• **WHAT THE TASK REQUIRES**: Please set down exactly the lines from the one containing "Three frontline workers" through the last line of the records below, both included, with no pictures.

• **SUPPLIED INFORMATION**:
━━━━━━━━━━

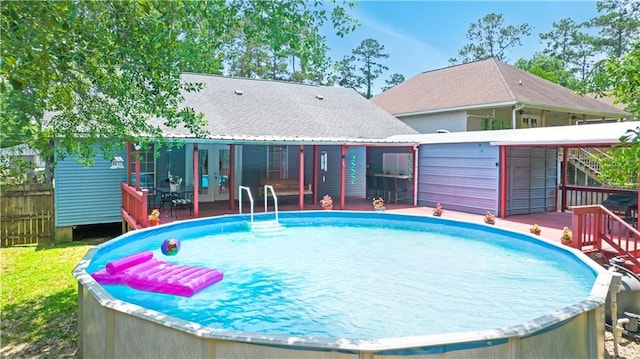 pool featuring a wooden deck, french doors, stairs, and fence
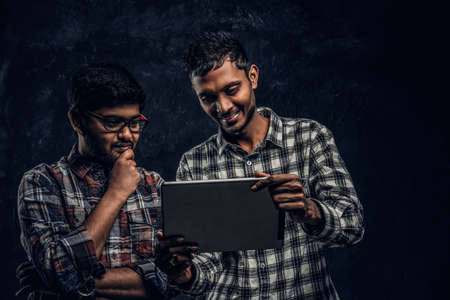 Three happy Indian friends in casual clothes stand in a hug and taking selfie on smartphone. Studio...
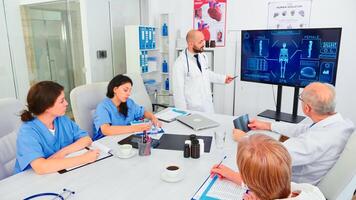 Mature medical physician explaining treatment to nurses during healthcare seminar pointing at digital monitor. Clinic herapist discussing with colleagues about disease, medicine professional. photo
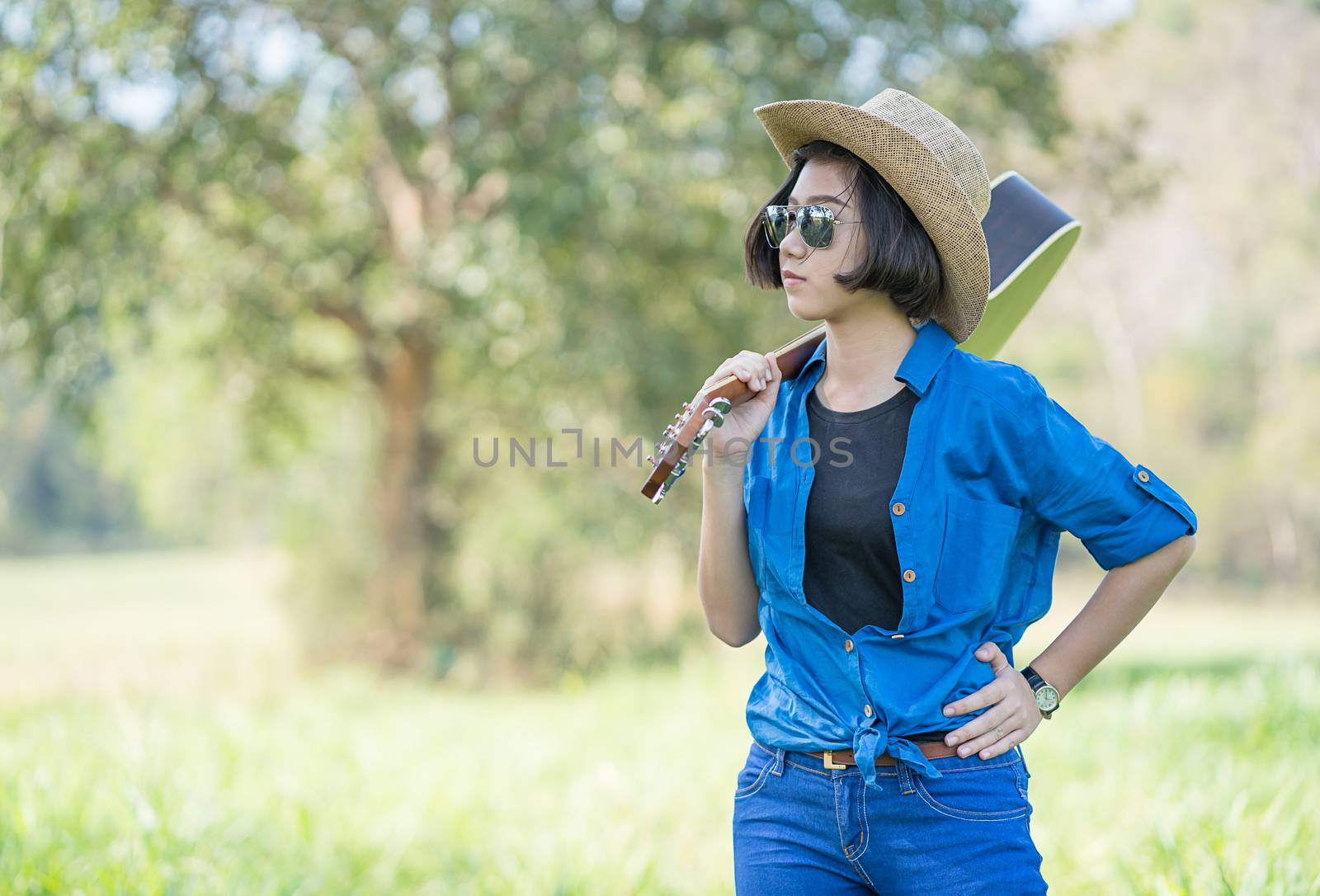 Woman wear hat and carry her guitar in grass field  by stoonn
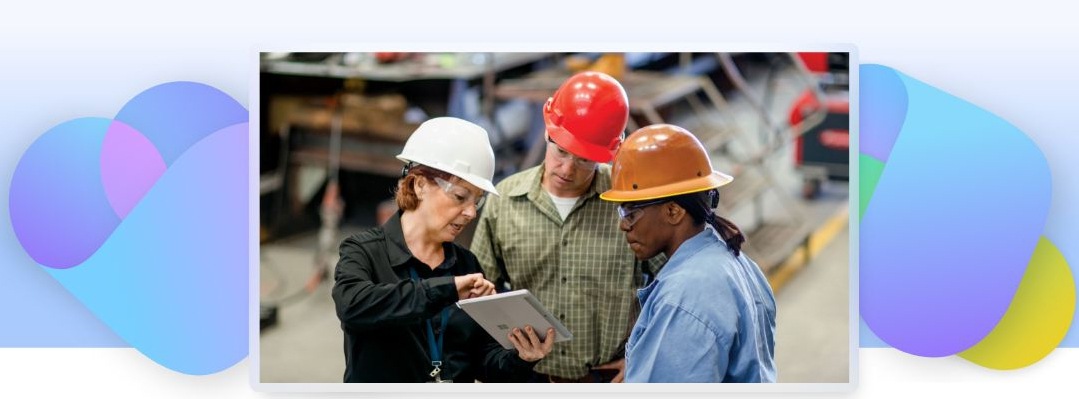 Three frontline workers wearing protective helmets looking at a tablet device.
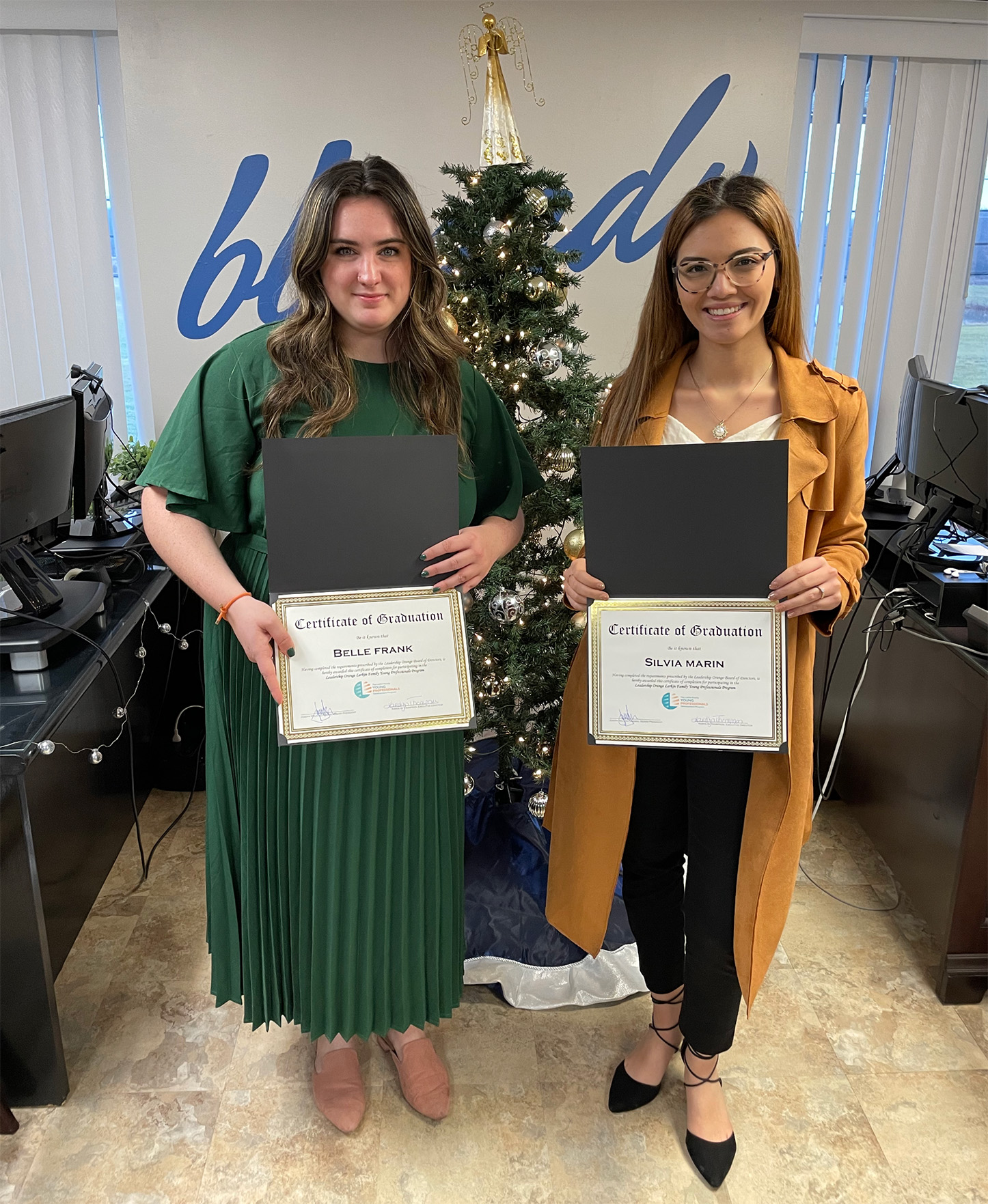 Belle and Silvia holding certificates from the Leadership Orange YP Program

━━━━━━━━━━

• **ANSWER SPACE**:
 Three frontline workers wearing protective helmets looking at a tablet device.
 Belle and Silvia holding certificates from the Leadership Orange YP Program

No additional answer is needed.